Rote learning, or learning by heart, got a bad name quite some decades ago. A Time Magazine article in 1986 showed Japanese schoolchildren in a classroom, with words and numbers in neat columns on the blackboard. The caption read, “...In Japan, rote learning is still emphasised...” The article implied that in the West, rote learning had gone out of fashion, having been replaced by critical thinking.

But whether in Japan or elsewhere, why has learning by rote been emphasised for centuries?

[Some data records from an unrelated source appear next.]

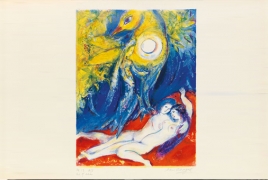 Swann Auction Galleries to offer deluxe portfolio of Chagall lithographs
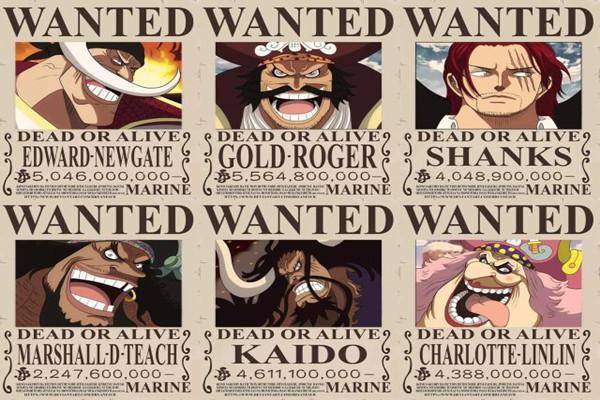 海贼王悬赏金排名_海贼王悬赏金排名2021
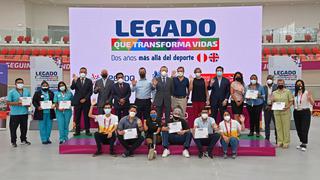 Lima 2019: Proyecto Legado cumple dos años apoyando a los deportistas y la sociedad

What virtue can there be to “learning without thinking,” or “memorising without understanding”? The perception for many decades now has been that memorising is a mechanical activity — and therefore useless. 

UK Secretary of State for Education Michael Gove, in his drive to introduce a system of tougher examinations, wants to “put rote learning at its core.” Gove quotes cognitive scientist Daniel Willingham: “Memorisation is a necessary precondition of understanding… Only when facts and concepts are committed … to the working memory, so that … no effort is required to work things out from first principles, do we really have a secure hold on knowledge.”

In other words, memory is the foundation upon which understanding can be built. Dissenters include Tina Isaacs, senior lecturer at the Institute of Education. She says, “You can never say that knowing your times-tables means you know maths.” To that, we might say that knowing the tables makes it a lot easier to learn mathematics. Advanced mathematics would be extremely difficult for someone who needed a calculator each time 4 and 9 had to be multiplied. 

Justin Snider says at The Huffington Post about the sensory overload we experience the first time we look at something: “You see so much more on a second, third and fourth viewing… You don't truly see anything the first time you watch it. The same, Snider says, applies to music.

To me, that seems to be how memorising works. We cannot really think about something if our minds have been exposed to it only once. Thought and memory are two different things — but memory (which is cemented, at some point, by repetition) indirectly aids thought.

The last word is this gem from Kumonvictoria.ca: “I do not think any of us would be interested in the services of a doctor who had not yet mastered the names of the parts of the body. A mechanic who hasn't learned the names of engine parts isn't going to get much business.”